Okay, but won’t I have to write a lot of code just to register a simple shutdown hook?

No. Simple shutdown hooks can often be written as anonymous inner classes, as in this example:

Runtime.getRuntime().addShutdownHook(new Thread() < public void run() < database.close(); >>);

This idiom is fine as long as you’ll never need to cancel the hook, in which case you’d need to save a reference to the hook when you create it.

What about security? Can an untrusted applet register a shutdown hook?

If there is a security manager installed then the addShutdownHook and removeShutdownHook methods check that the caller’s security context permits RuntimePermission("shutdownHooks"). An untrusted applet will not have this permission, and will therefore not be able to register or de-register a shutdown hook.

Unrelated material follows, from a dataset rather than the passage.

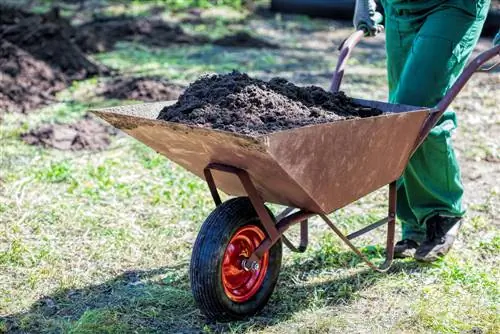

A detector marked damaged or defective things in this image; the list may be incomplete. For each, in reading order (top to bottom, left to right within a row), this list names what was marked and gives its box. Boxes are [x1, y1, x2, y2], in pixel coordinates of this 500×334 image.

What happens if a shutdown hook throws an exception and the exception is not caught?

Uncaught exceptions are handled in shutdown hooks just as in any other thread, by invoking the uncaughtException method of the thread’s ThreadGroup object. The default implementation of this method prints the exception’s stack trace to System.err and terminates the thread. Note that uncaught exceptions do not cause the VM to exit; this happens only when all non-daemon threads have finished or when the Runtime.exit method is invoked.

Why did you add the Runtime.halt method? Isn’t it pretty dangerous?

The halt method is certainly powerful, and it should be used with the utmost caution. It’s provided so that applications can insulate themselves from shutdown hooks that deadlock or run for inordinate amounts of time. It also allows applications to force a quick exit in situations where that is necessary.

What happens if finalization-on-exit is enabled? Will finalizers be run before, during, or after shutdown hooks?

Finalization-on-exit processing is done after all shutdown hooks have finished. Otherwise a hook may fail if some live objects are finalized prematurely.